But Insignificance is not a play about physics and the two characters aren’t just any random people. It’s 1954 and though they’re officially named The Actress and The Professor, we can – with reasonable confidence – infer that they’re Marilyn Monroe and Albert Einstein. And they’re intermittently joined by her husband Joe DiMaggio – The Ball Player – and Joseph McCarthy – The Senator, for a fantasia on the nature of celebrity that is occasionally quite dazzling.

 

Johnson’s trick is to never veer too far into the realms of the improbably fictitious, locating instead a what-if territory that fleshes out these famous faces far beyond the personae for which they’re known. So Alice Bailey Johnson’s excellent Monroe reveals herself to be far cleverer that she is ever given credit for, and Simon Rouse’s intriguing Einstein has libido to go with his brains as their meeting in his hotel room edges ever closer to the central bed of Max Dorey’s design.

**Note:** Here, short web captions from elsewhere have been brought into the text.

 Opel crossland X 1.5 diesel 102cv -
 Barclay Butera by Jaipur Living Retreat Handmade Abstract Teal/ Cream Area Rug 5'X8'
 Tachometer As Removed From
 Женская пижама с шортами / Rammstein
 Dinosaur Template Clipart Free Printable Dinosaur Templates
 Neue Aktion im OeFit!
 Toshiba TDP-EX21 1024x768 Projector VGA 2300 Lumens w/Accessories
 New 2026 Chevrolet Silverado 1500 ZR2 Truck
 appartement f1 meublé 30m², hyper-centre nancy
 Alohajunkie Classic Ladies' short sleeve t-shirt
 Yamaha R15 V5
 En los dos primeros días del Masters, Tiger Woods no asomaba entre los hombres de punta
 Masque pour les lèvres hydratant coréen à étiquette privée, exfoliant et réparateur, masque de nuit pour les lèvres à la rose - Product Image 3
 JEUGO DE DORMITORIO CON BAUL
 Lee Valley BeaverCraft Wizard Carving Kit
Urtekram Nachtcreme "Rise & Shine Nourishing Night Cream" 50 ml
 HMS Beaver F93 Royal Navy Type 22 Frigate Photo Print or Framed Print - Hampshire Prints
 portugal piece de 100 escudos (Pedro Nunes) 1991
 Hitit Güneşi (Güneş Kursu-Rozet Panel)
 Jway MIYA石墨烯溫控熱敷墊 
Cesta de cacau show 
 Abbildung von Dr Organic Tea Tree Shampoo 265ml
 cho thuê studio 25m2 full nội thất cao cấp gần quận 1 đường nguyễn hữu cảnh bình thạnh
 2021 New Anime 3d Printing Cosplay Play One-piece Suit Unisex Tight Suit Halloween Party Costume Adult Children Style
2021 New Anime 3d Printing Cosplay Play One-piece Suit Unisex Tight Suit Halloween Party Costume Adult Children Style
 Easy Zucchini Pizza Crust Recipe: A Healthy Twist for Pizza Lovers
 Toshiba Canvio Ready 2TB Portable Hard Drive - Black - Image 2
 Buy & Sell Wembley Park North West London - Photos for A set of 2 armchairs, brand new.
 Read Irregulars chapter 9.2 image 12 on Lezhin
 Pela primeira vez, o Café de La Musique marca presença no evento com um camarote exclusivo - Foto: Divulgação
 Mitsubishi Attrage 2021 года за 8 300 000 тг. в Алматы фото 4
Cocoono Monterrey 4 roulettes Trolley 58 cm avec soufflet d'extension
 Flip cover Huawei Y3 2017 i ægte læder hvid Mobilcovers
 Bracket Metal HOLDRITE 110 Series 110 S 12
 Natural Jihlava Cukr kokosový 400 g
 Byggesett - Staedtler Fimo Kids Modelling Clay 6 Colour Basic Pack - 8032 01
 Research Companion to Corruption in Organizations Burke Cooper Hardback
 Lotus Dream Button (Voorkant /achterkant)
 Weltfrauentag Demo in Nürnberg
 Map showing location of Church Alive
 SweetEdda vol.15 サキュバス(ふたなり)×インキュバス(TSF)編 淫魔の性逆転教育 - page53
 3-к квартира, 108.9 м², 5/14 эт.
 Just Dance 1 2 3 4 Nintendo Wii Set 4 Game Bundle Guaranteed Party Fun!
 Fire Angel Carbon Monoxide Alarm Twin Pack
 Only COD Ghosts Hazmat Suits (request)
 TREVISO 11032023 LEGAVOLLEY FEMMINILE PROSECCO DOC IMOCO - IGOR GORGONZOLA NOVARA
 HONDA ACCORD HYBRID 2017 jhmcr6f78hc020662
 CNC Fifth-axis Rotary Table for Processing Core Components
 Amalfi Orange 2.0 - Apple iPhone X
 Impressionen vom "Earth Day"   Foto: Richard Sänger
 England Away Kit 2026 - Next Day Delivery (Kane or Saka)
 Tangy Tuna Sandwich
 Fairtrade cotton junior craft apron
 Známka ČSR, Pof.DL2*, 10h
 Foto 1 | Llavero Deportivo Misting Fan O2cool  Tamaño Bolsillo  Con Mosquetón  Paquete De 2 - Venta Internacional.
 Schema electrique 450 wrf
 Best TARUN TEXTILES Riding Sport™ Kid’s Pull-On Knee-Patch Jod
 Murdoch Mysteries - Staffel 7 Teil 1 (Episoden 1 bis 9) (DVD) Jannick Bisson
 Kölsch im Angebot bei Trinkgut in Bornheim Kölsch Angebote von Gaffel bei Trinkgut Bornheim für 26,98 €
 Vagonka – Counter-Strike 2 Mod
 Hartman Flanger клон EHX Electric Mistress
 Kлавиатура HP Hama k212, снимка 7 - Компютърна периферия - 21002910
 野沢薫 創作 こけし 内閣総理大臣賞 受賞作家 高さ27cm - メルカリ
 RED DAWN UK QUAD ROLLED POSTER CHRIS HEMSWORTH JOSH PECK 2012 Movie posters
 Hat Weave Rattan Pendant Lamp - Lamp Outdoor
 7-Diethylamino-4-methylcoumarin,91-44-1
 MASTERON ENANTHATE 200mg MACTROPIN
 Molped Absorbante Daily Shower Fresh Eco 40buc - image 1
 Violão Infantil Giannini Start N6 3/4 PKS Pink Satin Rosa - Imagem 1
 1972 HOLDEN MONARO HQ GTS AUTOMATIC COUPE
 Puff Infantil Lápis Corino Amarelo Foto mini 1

David Mercatali’s production controls the flow of confrontations and conversations between the four characters with measured skill, introducing a subtle dynamism to the wordiness, and encouraging intelligent lighting work from Richard Williamson, who plays marvellously with intensity. The play perhaps emerges more as a curiosity than a classic, though it has plenty to say (with wit) on the transience of fame. Just don’t ask me to explain anything about the physics of it all! 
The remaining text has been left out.